Dans Chroniques de l'Oiseau à Ressort, Murakami nous fait passer du rêve à la réalité avec un récit catalysé comme dans un vortex. Il y a perte des sens dans son livre, ce qui rend le tout aérien. Il y a ce puits à sec dans lequel le principal protagoniste se terre pendant un bout de temps. Un endroit où il fait froid. Dans un coin de mon écran on montrait un endroit où il avait neigé au Québec ce matin-là. J'aime la neige, j'aime l'hiver, j'aime le froid. J'étais bien. Aérien. Aérien dans la froide matinée. Au fond d'un puits à sec tout personnel.
Puits à sec parce que j'ai fait une traduction récemment, remise le 3 septembre dernier et nous voilà le 18 octobre et les bandits qui m'ont engagé ne m'ont pas encore payé. On joue au chat et à la souris au téléphone.
"Oui, y a -t-il un problème avec ma paie?"
"Je vais vérifier et je vous rappelle"
Ces deux simples phrases peuvent s'étendre sur 4 jours. Efficacité nulle. C'est peut-être ma dernière traduction auprès de ces gens qui ont de régulières visites inopinées de la part d'un service innatendu depuis plusieurs semaines.
C'est ça qui m'énerve. Porte fermée. Plan fixe. Immobilisme.

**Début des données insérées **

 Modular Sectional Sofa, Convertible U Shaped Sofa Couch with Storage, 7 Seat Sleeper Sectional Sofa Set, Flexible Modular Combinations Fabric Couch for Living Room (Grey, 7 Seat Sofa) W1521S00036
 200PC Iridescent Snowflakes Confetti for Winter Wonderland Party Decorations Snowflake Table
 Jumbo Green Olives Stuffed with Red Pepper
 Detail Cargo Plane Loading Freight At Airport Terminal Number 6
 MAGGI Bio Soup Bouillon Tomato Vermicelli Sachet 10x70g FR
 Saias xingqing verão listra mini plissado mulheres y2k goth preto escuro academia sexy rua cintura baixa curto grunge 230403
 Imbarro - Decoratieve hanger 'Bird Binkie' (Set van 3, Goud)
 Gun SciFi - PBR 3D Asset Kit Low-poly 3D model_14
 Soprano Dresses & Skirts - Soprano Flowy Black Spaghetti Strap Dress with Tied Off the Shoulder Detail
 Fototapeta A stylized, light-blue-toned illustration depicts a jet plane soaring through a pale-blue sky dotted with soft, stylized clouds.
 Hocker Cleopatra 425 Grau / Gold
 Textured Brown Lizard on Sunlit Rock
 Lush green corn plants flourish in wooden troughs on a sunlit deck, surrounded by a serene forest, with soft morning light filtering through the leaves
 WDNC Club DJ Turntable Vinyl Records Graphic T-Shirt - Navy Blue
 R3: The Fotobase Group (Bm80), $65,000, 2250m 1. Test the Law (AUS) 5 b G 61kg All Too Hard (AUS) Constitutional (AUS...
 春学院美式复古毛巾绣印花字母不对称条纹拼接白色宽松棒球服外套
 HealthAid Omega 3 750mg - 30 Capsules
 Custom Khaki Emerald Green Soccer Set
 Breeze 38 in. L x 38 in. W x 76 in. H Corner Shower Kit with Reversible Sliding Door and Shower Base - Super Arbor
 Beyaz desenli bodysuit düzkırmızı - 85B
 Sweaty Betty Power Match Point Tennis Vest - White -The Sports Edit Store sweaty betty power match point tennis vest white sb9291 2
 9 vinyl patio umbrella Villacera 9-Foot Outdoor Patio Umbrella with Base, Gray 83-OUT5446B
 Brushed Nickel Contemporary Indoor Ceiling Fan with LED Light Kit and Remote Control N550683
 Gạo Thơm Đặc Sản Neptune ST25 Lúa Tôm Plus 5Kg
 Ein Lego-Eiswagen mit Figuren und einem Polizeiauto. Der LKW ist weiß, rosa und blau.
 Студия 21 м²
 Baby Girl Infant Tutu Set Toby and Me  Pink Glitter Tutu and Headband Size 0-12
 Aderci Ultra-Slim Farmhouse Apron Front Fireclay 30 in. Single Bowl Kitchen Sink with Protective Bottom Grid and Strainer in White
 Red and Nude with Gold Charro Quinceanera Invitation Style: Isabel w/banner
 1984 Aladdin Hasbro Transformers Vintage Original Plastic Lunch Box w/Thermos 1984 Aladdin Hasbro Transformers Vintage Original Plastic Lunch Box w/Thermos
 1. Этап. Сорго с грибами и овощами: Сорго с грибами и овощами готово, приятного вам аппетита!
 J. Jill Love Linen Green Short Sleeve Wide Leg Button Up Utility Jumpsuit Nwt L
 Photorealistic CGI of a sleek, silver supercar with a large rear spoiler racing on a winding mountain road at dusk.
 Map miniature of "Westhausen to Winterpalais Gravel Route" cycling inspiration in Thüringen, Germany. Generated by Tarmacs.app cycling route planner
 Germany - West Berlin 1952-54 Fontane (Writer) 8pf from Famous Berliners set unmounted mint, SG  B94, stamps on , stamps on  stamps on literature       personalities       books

Finalement il y a eu cet homme quelconque, comme il y en a tant issu de ses endroits chics qui ressemblent à des palais en Europe. Il a baragouiné du suédois et tout le monde a tendu l'oreille pour tenter de saisir le nom de l'auteur gagnant qui lui, sera facile à comprendre. C'est Haruki Murakami qui était le favori à 10 contre 1. L'an dernier toutefois c'était le poète suédois Tomas Tranströmer qui avait remporté le prestigieux prix alors qu'il était deuxième, à 9 contre 2, derrière le poète syrien Adonis qui était donné favori à 4 contre 1.
Cette année il y avait aussi Milan Kundera et Ismail Kadaré parmi les favoris. Des auteurs chéris à moi. Je commençais à comprendre que contrairement aux oscars ou autre cérémonies de remises de prix où les nominés sont sur place et réagissent en direct, cette fois je ne verrais pas la bouille et la réaction des auteurs. Je n'aurais qu'un personnage quelconque, affublé d'une mauvaise cravate, qui me dirait...Mo Yan...Qui?
Mo Yan.
Connait pas.
Pourtant je devrais, il a écrit Beaux Seins, Belles Fesses, titre auquel je ne peux pas rester insensible.
M'enfin, dirait un héros de mon enfance.
J'ai encore le temps de l'explorer.
J'ai toute la vie qui me passe à côté.
Moi, traducteur impayé, avec mes yeux posés la grosse porte fermée.